Another project on the museum's wish list is to relocate to the
museum site the two-man Japanese submarine currently on display elsewhere on the Navy base. "This is, after all, one of only two remaining two-man subs of this class known in the world," says Bunn.  "These are a lot of plans, a great vision and we've come a long way," says Bunn, from the inadvertent beginning in office desk drawers to a 40' converted dental trailer to the full fledged building it now occupies in three years.

The museum makes do with a volunteer staff of dedicated history buffs. "Without them we'd have fewer displays, and shorter visiting hours."  Bunn says volunteers are always welcome.

Began in Drawers

The office drawers where the museum began in 1993 belonged to
Captain Joe Commette, former commanding officer of Naval Dental Center and was an outgrowth of his interest in the area history, piqued during his duties as the Navy's 50th anniversary 1994 Golden Salute commemoration liaison officer. The veterans inundated him with artifacts when they came that year, making it necessary to bring in a  20 foot container as the first 'temporary' museum. "At first we though it would be disassembled after the 50th anniversary," says Commette from his new home in San Diego.  "But the interest was high, and through word of mouth among the veterans on the mainland we continued to receive artifacts, letters and photos donated to the museum."  Commette speculated that the veterans are getting to an age where they   are  looking for a permanent place for their artifacts, fearing their families will be unable to attach meaning and historical significance to them.

Among the artifacts outside are American and Japanese guns.

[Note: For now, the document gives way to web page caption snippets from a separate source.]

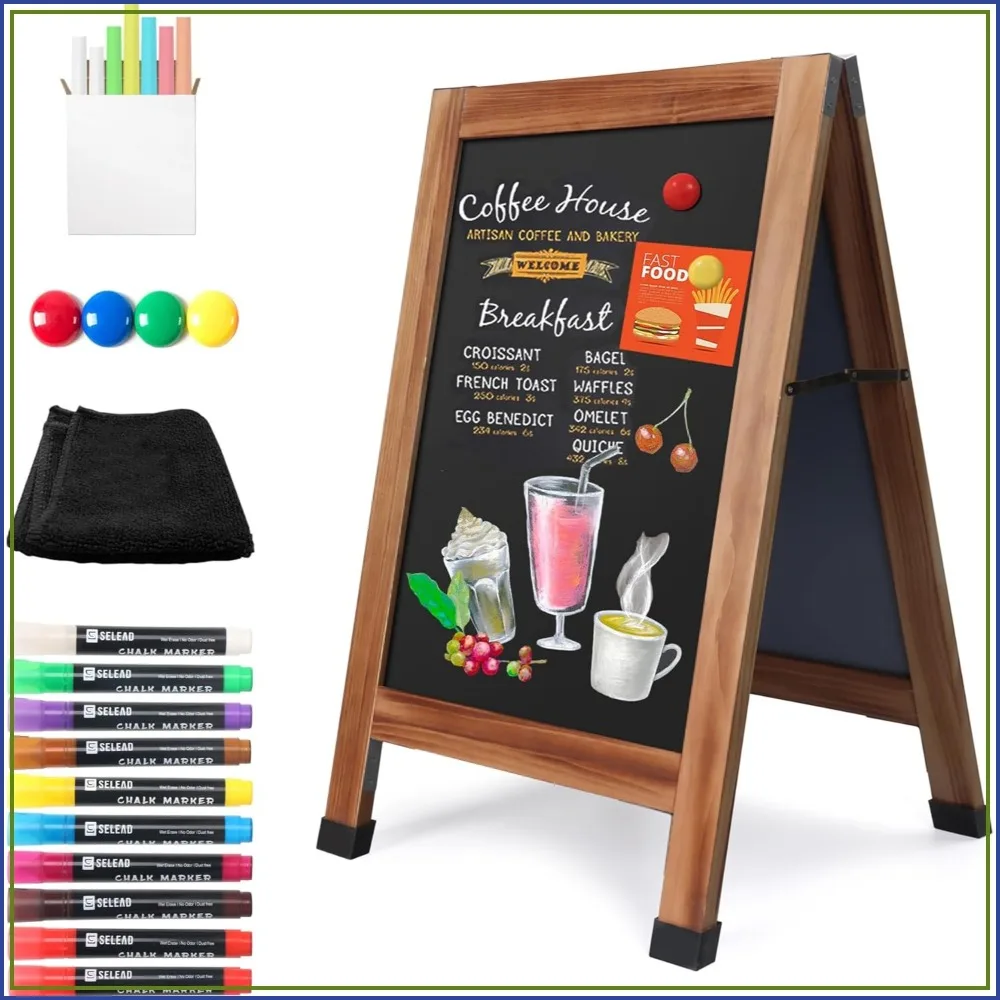 30x20" A-Frame Chalkboard Sign, Magnetic Sandwich Board for Menu, Business, Wedding - Rustic Brown
30x20" A-Frame Chalkboard Sign, Magnetic Sandwich Board for Menu, Business, Wedding - Rustic Brown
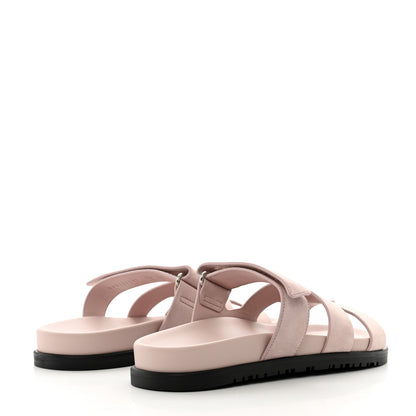 Hermes Suede Goatskin Womens Chypre Sandals 38 Rose Porcelaine 4 of 9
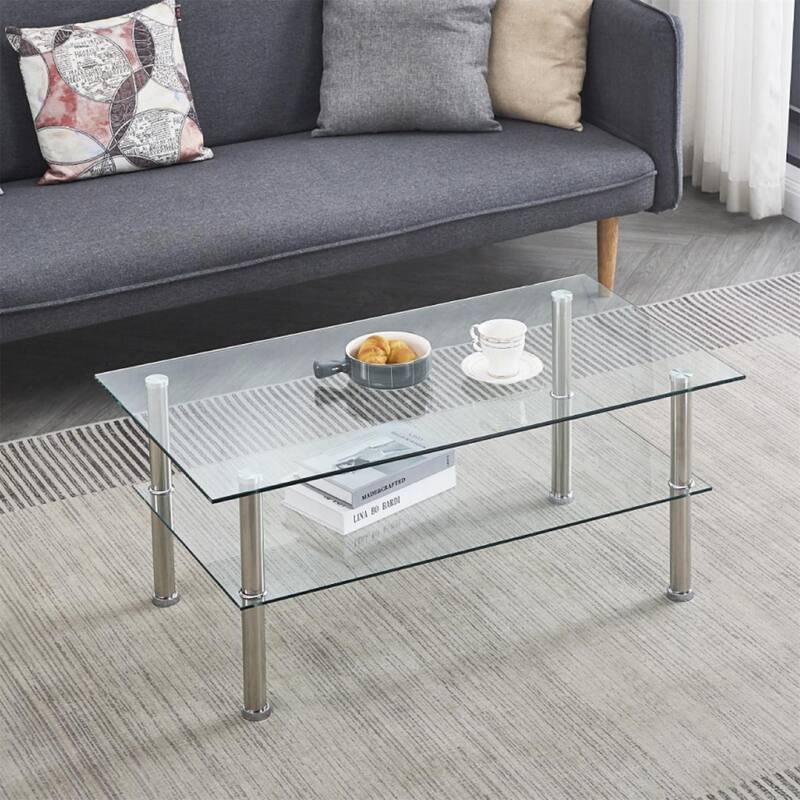 Clear Clear Glass Coffee Table, Tempered Glass End Table - Transparent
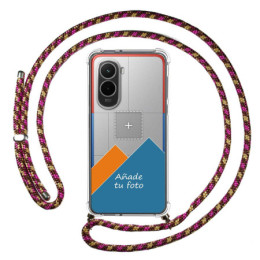 Personaliza tu Funda Colgante Transparente para Xiaomi Poco M7 4G con Cordon Rosa / Dorado Dibujo Personalizada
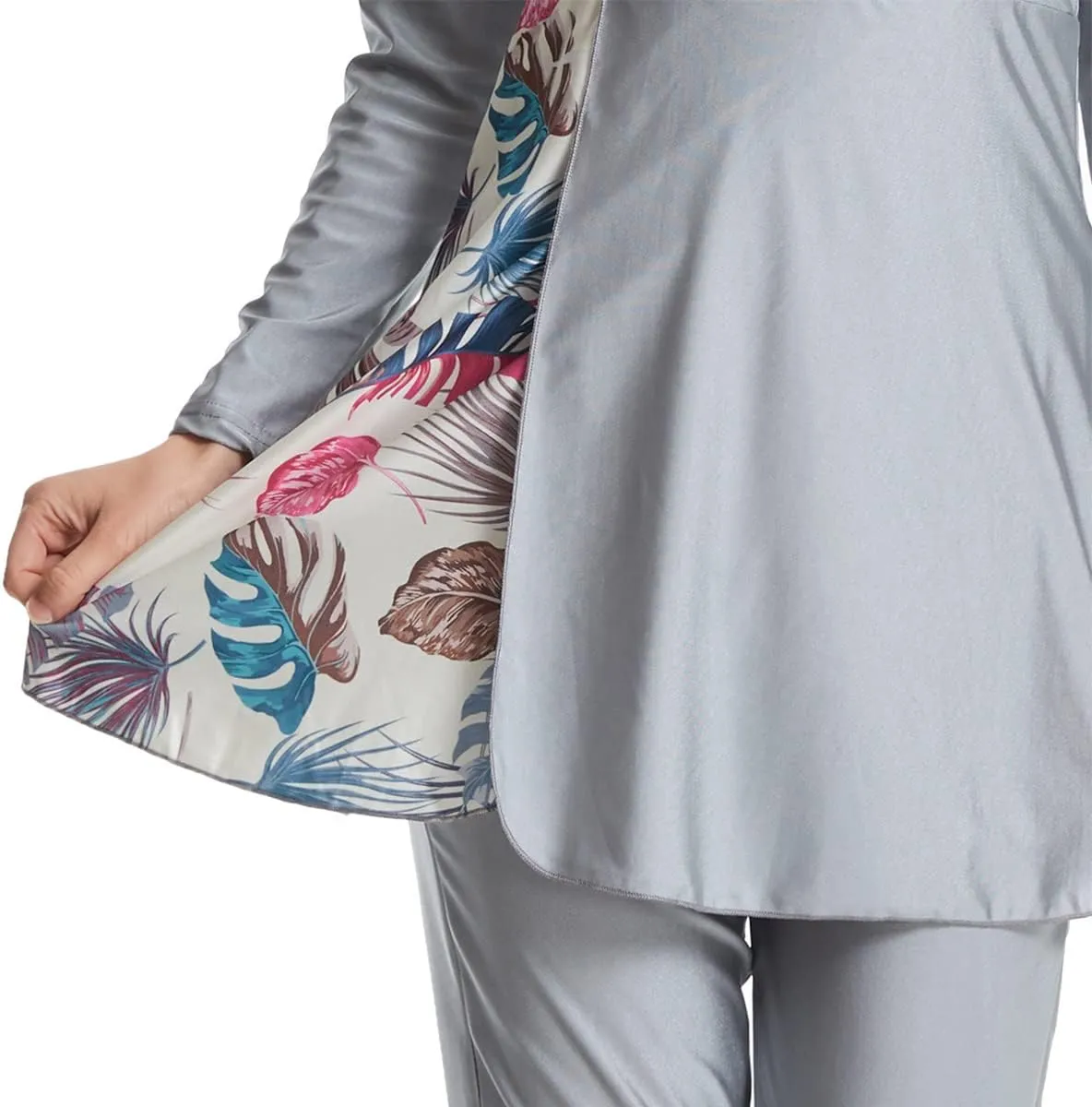 Womens Muslim Swimsuits Solid Color Swim Full Coverage Swimwear Modest Islamic Arabic Ladies Swimming Burkini Bathing Suit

Inside,
after the visitor enters through a hallway where photos of the American andJapanese commanders face each other, they find memorabilia including large, colored photographs of World War II aircraft, recruitment posters, the bronze plaque from the original Marine Barracks and photos of the barracks then. Other exhibits include photos of the 1944 invasion and a foxhole complete with machine gun sandbags, mortar rounds, guns and uniformed mannequins.  Some of Guam's shipwrecks and artifacts from them are noted here, as well. Fascinating is the exhibit of Sergeant Soichi Yokoi, who lived in Guam's jungles after the war until 1972 when locals discovered him near Talofofo.

Pre-war exhibits include Admiral Glass who claimed Guam for America
at the end of the Spanish-American war in 1898, the Americanization of Guam during the American years, including Sumay's growth,  until the invasion of Guam by the Japanese December 10th, 1941. Pan American's golden era flying the China Clippers through Guam is depicted, including the Skyways Hotel which was located in Sumay.

The base historic trail passes just outside the museum and is a
perfect companion to a day exploring a part of Guam's history. A
descriptive booklet of the trail is handed out at the museum.